Source records:
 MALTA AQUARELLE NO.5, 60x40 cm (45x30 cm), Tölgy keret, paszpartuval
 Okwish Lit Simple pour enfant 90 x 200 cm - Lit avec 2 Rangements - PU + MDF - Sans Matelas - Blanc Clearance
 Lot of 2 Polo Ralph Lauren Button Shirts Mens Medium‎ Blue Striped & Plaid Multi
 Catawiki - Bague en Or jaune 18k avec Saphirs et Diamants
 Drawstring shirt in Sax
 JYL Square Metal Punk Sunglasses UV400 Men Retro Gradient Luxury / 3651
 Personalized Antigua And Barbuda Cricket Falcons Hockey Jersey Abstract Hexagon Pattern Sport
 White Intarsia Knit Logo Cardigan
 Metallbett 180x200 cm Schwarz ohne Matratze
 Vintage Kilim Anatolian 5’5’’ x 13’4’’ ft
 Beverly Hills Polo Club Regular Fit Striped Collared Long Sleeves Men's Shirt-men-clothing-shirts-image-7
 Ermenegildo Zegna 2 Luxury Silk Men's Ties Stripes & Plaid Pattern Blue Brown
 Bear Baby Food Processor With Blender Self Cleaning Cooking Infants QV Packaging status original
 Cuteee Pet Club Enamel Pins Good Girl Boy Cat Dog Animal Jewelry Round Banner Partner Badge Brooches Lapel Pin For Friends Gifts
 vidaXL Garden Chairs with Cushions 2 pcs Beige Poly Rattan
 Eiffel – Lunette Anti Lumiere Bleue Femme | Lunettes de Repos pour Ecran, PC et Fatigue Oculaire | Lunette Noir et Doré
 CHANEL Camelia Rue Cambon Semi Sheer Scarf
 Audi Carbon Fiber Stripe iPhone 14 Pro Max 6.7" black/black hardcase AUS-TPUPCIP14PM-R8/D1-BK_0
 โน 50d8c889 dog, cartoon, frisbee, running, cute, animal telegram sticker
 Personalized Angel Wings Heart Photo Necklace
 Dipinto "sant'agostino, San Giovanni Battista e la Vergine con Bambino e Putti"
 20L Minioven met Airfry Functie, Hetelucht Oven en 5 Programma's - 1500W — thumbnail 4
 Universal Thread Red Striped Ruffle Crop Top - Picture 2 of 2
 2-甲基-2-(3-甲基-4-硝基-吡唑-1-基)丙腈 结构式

Work task —
Would you repeat each of the lines above exactly?

Answer box —
 MALTA AQUARELLE NO.5, 60x40 cm (45x30 cm), Tölgy keret, paszpartuval
 Okwish Lit Simple pour enfant 90 x 200 cm - Lit avec 2 Rangements - PU + MDF - Sans Matelas - Blanc Clearance
 Lot of 2 Polo Ralph Lauren Button Shirts Mens Medium‎ Blue Striped & Plaid Multi
 Catawiki - Bague en Or jaune 18k avec Saphirs et Diamants
 Drawstring shirt in Sax
 JYL Square Metal Punk Sunglasses UV400 Men Retro Gradient Luxury / 3651
 Personalized Antigua And Barbuda Cricket Falcons Hockey Jersey Abstract Hexagon Pattern Sport
 White Intarsia Knit Logo Cardigan
 Metallbett 180x200 cm Schwarz ohne Matratze
 Vintage Kilim Anatolian 5’5’’ x 13’4’’ ft
 Beverly Hills Polo Club Regular Fit Striped Collared Long Sleeves Men's Shirt-men-clothing-shirts-image-7
 Ermenegildo Zegna 2 Luxury Silk Men's Ties Stripes & Plaid Pattern Blue Brown
 Bear Baby Food Processor With Blender Self Cleaning Cooking Infants QV Packaging status original
 Cuteee Pet Club Enamel Pins Good Girl Boy Cat Dog Animal Jewelry Round Banner Partner Badge Brooches Lapel Pin For Friends Gifts
 vidaXL Garden Chairs with Cushions 2 pcs Beige Poly Rattan
 Eiffel – Lunette Anti Lumiere Bleue Femme | Lunettes de Repos pour Ecran, PC et Fatigue Oculaire | Lunette Noir et Doré
 CHANEL Camelia Rue Cambon Semi Sheer Scarf
 Audi Carbon Fiber Stripe iPhone 14 Pro Max 6.7" black/black hardcase AUS-TPUPCIP14PM-R8/D1-BK_0
 โน 50d8c889 dog, cartoon, frisbee, running, cute, animal telegram sticker
 Personalized Angel Wings Heart Photo Necklace
 Dipinto "sant'agostino, San Giovanni Battista e la Vergine con Bambino e Putti"
 20L Minioven met Airfry Functie, Hetelucht Oven en 5 Programma's - 1500W — thumbnail 4
 Universal Thread Red Striped Ruffle Crop Top - Picture 2 of 2
 2-甲基-2-(3-甲基-4-硝基-吡唑-1-基)丙腈 结构式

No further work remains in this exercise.